Look, I love the CryoGlow, as do many other members of the Allure team. But the idea of a Marilyn Monroe edition of the device is completely absurd to me. Would the “Ruby Glow” colorway—apparently the only thing that makes it Marilyn—really be the tipping point for someone who was on the fence about splurging on it? The Lisa Eldridge collection, on the other hand, does feel “thoughtful and organic,” as Carpenter said, with shades directly influenced by specific images of Monroe: The carnation pink Amagansett shade of Rouge Experience Lipstick looks like a color she would have worn, and Elevated Glow Balm Concentrate in the shade Butterfly Lighting is named after a classic Hollywood lighting technique.

“Discover the inspirations and references behind the collaboration,” the Lisa Eldridge website suggests. But can you really “collaborate” with someone who has been dead for 64 years? No matter who holds the rights to Monroe’s estate, and no matter how intense their parasocial relationship with her may be, there’s truly no way to know if she would have wanted any of this.

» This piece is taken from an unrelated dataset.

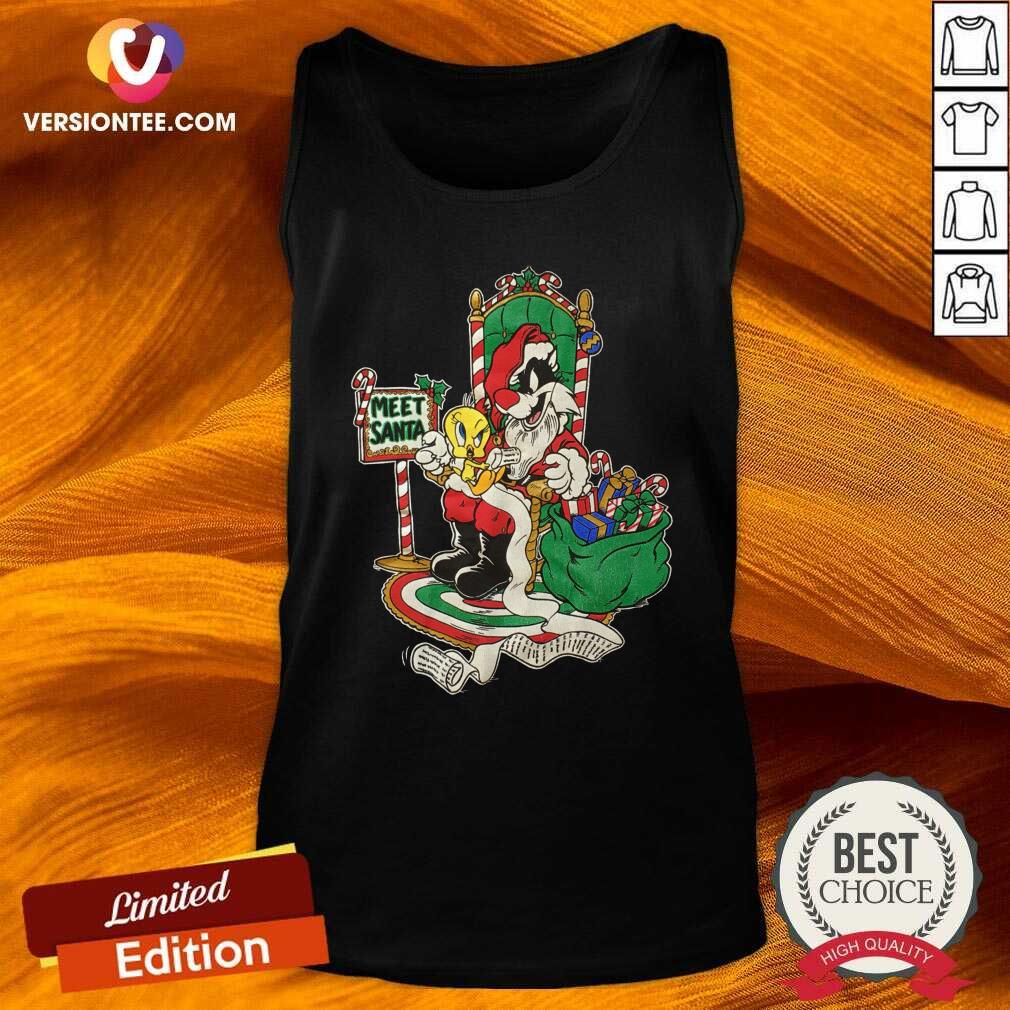 Happy Meet Santa Merry Christmas Shirt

Bessette-Kennedy never wanted to be famous, which has made her commodification especially odious. While Marilyn Monroe told Life editor Meryman that her goal wasn’t necessarily to become famous, she did welcome it. And once it was clear that she was a star, she felt a responsibility to the people who admired her—to look and act a certain way in public. But this self-imposed sense of responsibility was likely never something she considered beyond her life. She didn’t even presume that she was guaranteed to remain famous had she lived longer. And even if she had, her erstwhile willingness to be a celebrity is not a posthumous permission slip to assume she’d sign off on Monroe merch.

“Fame is a passing thing,” she told Meryman, unaware that her own celebrity would outlive her well into a new century and oblivious to how her face, her body, even her handwriting would be seized on by corporate design teams looking to sell handheld vacuums, engraved crystal caviar servers, and Supima cotton pique polos. “Fame is also a burden,” she continued in that interview.

Marilyn Monroe is not alive to carry that burden, and at this point, there’s a strong chance she wouldn’t have lived to see these birthday collections even if she hadn’t died so tragically young. Monroe’s beauty, talent, charm, and troubled life story would likely still fuel a persistent demand for merchandise. And while making money off her memory may not be the most pure-of-heart business endeavor, the fans who buy this merch open their wallets in admiration. But with many of these products, you have to ask, admiration for whom? Or what?